Technology is unavoidable. The other day, my boyfriend couldn’t find the charger to his cell phone, and you would have thought that the world might come to an end if he didn’t find it in time to charge his dying phone. I couldn’t help but think to myself how far we have come in the field of technology.
I can still remember having a rotary phone in my parents house when I was growing up. I remember it very clearly because I had been allowed to use it a few times to dial my grandmother’s phone number. Her phone number was considered “long distance” which was great for me back then because this meant that it took even longer to dial the number and wait. Nowadays though, if I had to make a phone call like that, I would cringe because of the sheer amount of time I would suspect that it would waste. Now, if I want to make a phone call, I press a button on my phone or say a name out loud, and my phone does the rest in a matter of what sometimes seems like nanoseconds.

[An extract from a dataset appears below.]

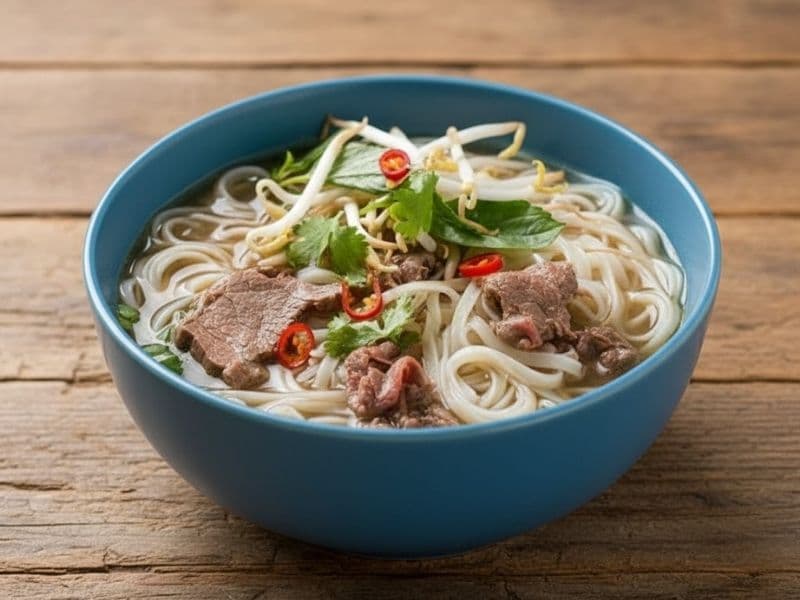 A steaming bowl of beef pho in a blue bowl, featuring rice noodles, tender slices of steak, fresh herbs, bean sprouts, and red chili slices, served on a rustic wooden table.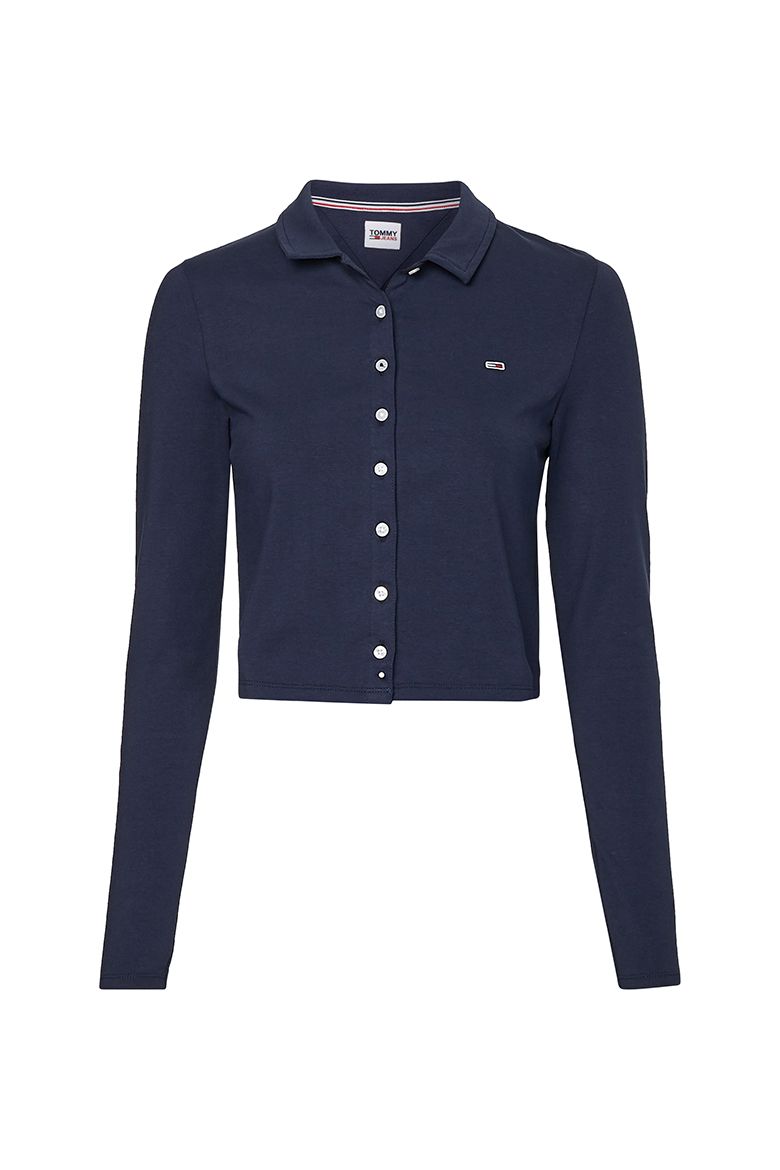 Tommy Jeans Polo Shirt - TJW BUTTON THROUGH POLO LS Blue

Every time you turn on your car, play a cd in a cd player, listen to an mp3 player, write a blog or overhear a plane flying over your head, this means that technology is out there…working. Even the prescription glasses that are sitting on my face right now are evidence enough that technology exists. So, how do you avoid technology? Simple. You don’t. Instead, you get used to it; you become acclimated to the surroundings, and eventually, you forget that technology even exists until something doesn’t work the way it is supposed to.
The other day, I was trying to watch a movie on Netflix, for example. The movie was supposed to play instantly over an Internet connection. However, for whatever reason, it was not playing properly. Well, after about two to three seconds (tops) of waiting out the frustration, I got up and put in a DVD of my own. I don’t blame impatience in this case as much as I blame the fact that technology wasn’t working in one area, so I simply switched into a slightly different realm to satisfy my technological needs.

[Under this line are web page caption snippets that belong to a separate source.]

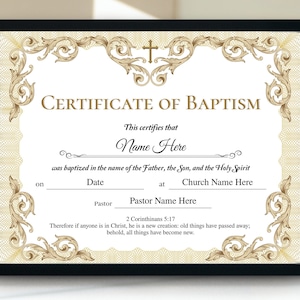 Plantilla de certificado de bautismo, certificado de bautismo 11x8.5, regalo de bautismo, bautismo de niño/niña, plantilla de certificado de bautismo editable, imprimible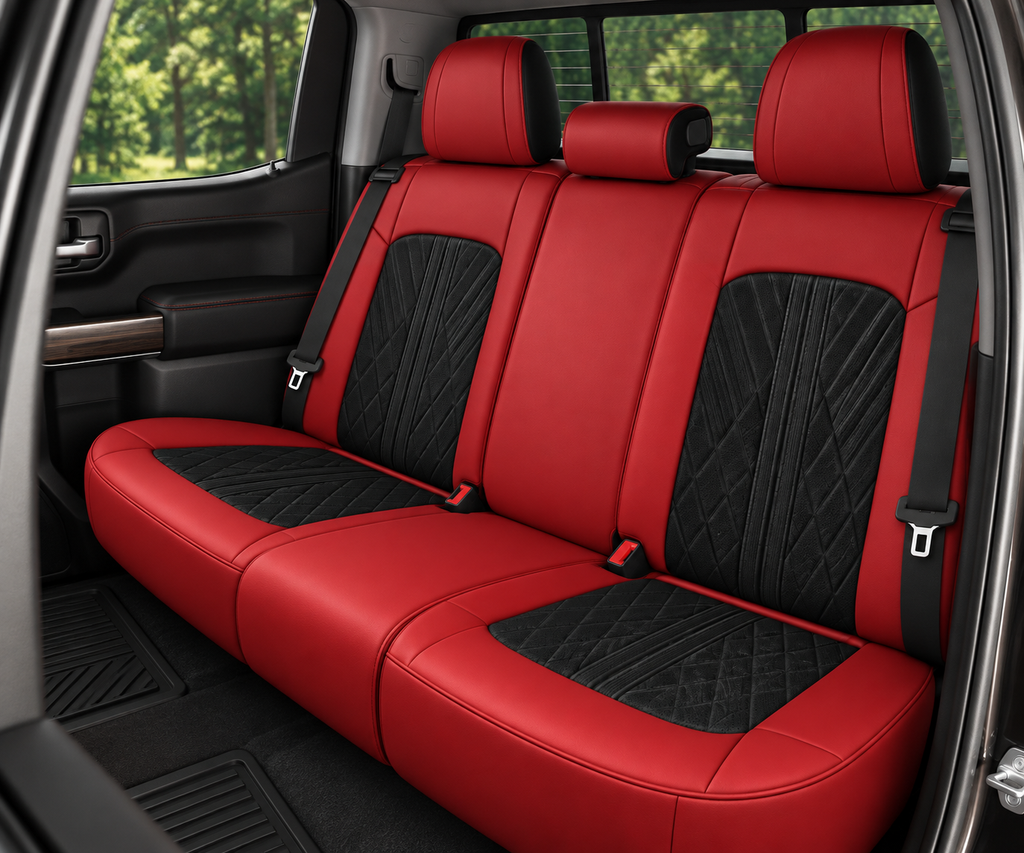 Car Seat Covers – Waterproof Set, Front & Rear,  Black & Red  | Brackridge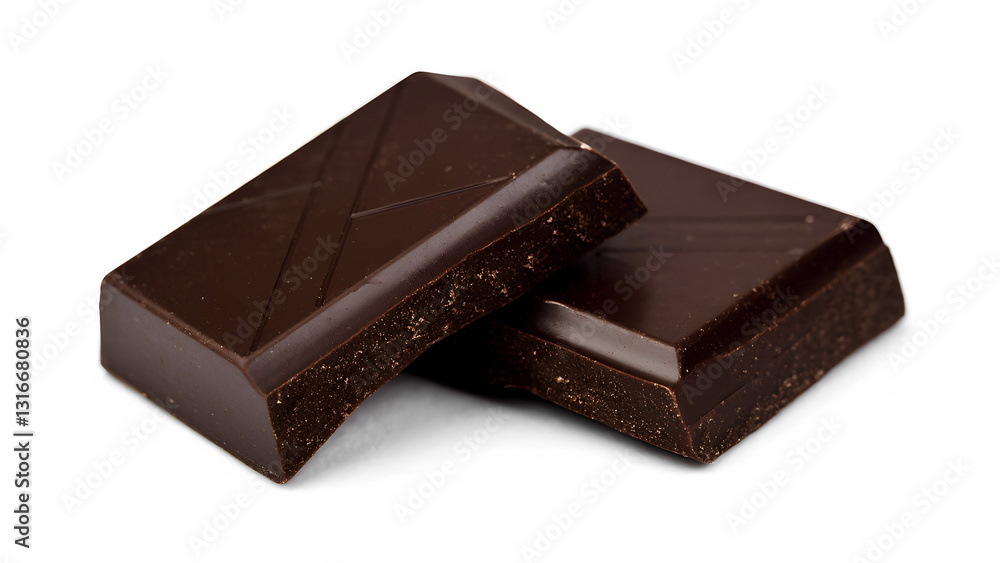 A rich, glossy dark chocolate bar broken into squares, with a smooth texture and slightly melting edges A rich, glossy dark chocolate bar broken into squares, with a smooth texture and slightly melting edges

Technology is also at work when you need directions to go somewhere. When I first went away to school to go to college, I had purchased an actual, physical road atlas for driving purposes. Cut to almost a decade later, and almost no one uses road maps anymore because we all have some sort of GPS system to fall back on- whether it is one that we purchased to mount in our vehicles or whether it is some sort of capability that comes with our cell phones (like mine does). Even small things such as carrying cash around is affected by technology. For example, have you ever seen those Visa debit card commercials? Everyone is in line at a store swiping their debit cards and moving along smoothly until someone with cash tries to pay for something and ends up slowing the entire line down. It was both funny but true!